---------- GIVEN DATA

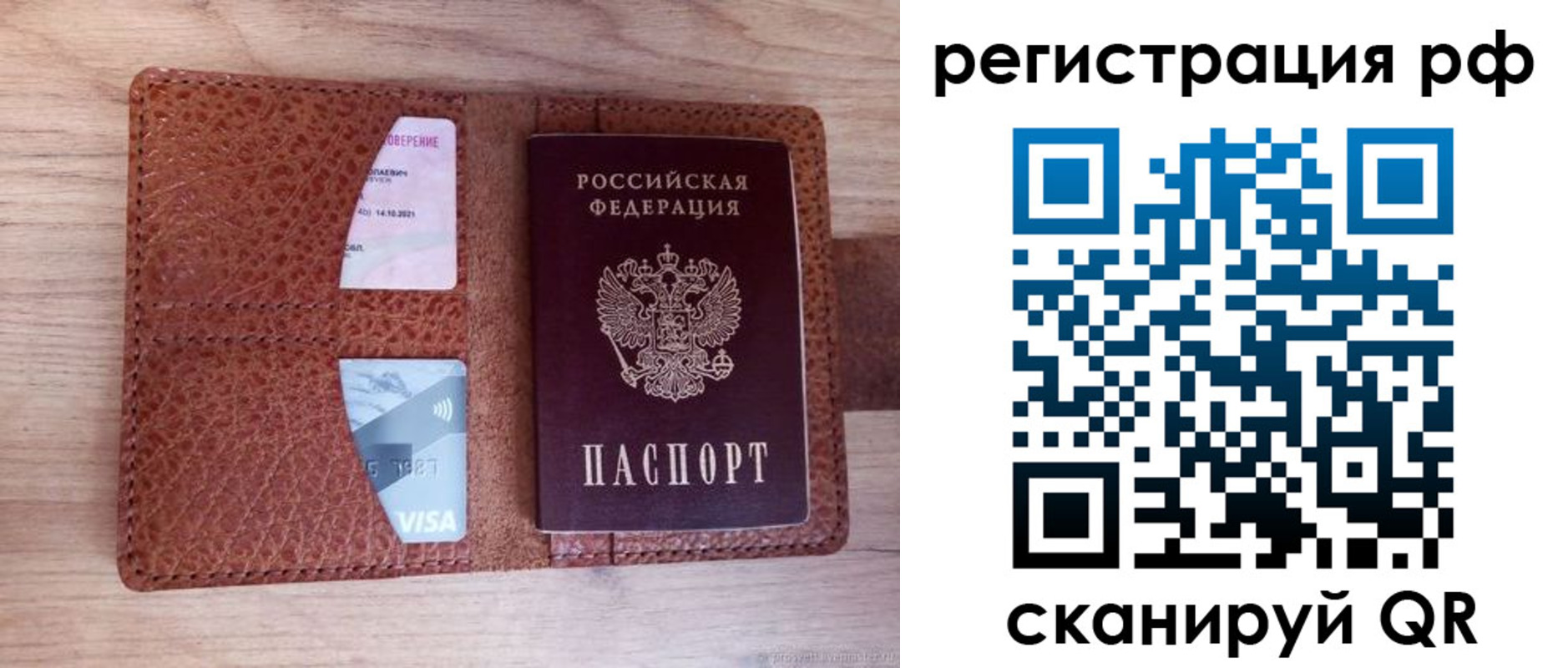 временная регистрация в квартире в Уяре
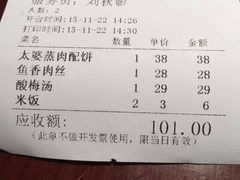 -三俞竹苑(红旗街万达店)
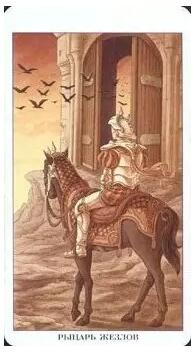 塔羅占卜身邊的他會是你的正緣嗎？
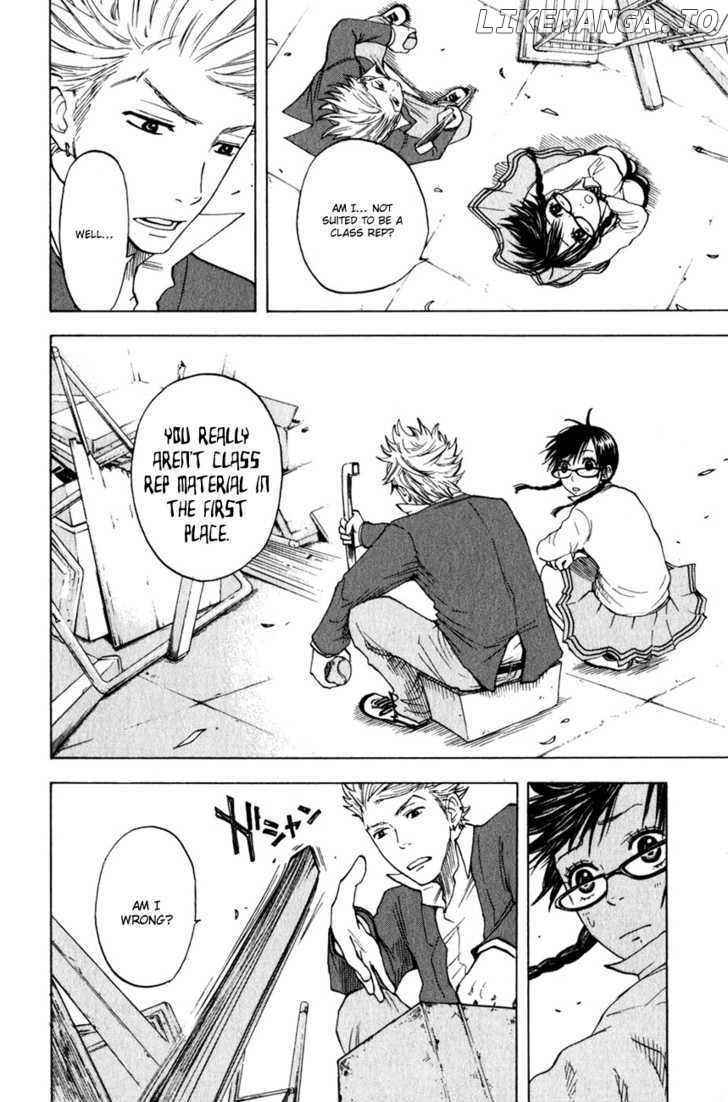 Yanki-Kun To Megane-Chan chapter 22 - page 9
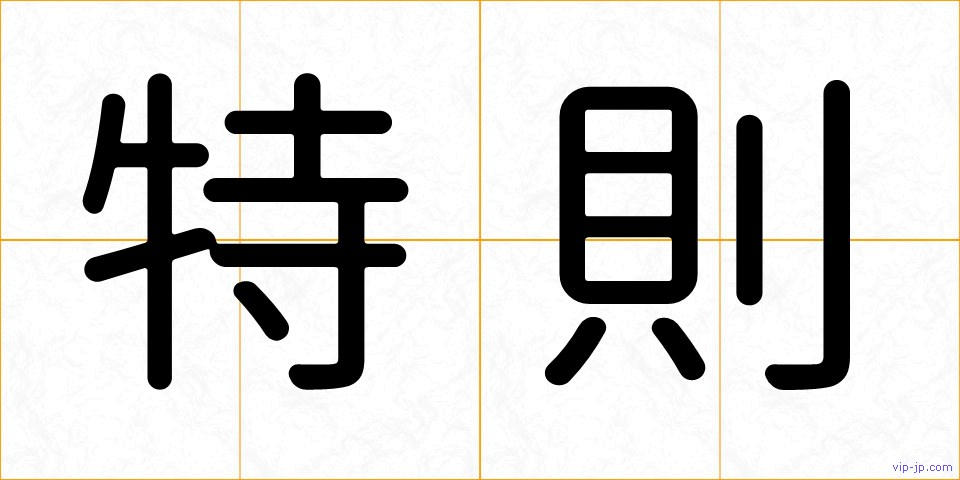特則の画像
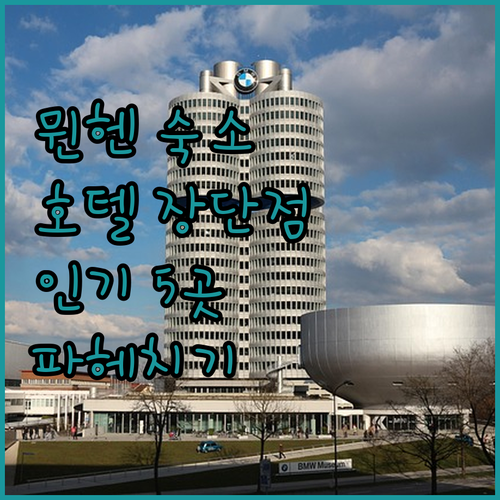 뮌헨 여행 숙소 어디로 갈까 인기 호..
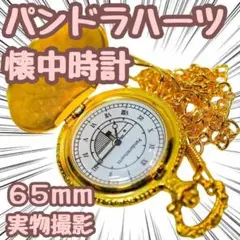 Pandora Hearts 腕時計 (バラ不可) 2025年最新】パンドラハーツ 時計の人気アイテム - メルカリ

--------------------

→ **THE TASK**
A faithful copy of every record is required, with no pictures included.

→ **RESULT FOR THIS TASK**
 временная регистрация в квартире в Уяре
 -三俞竹苑(红旗街万达店)
 塔羅占卜身邊的他會是你的正緣嗎？
 Yanki-Kun To Megane-Chan chapter 22 - page 9
特則の画像
 뮌헨 여행 숙소 어디로 갈까 인기 호..
 Pandora Hearts 腕時計 (バラ不可) 2025年最新】パンドラハーツ 時計の人気アイテム - メルカリ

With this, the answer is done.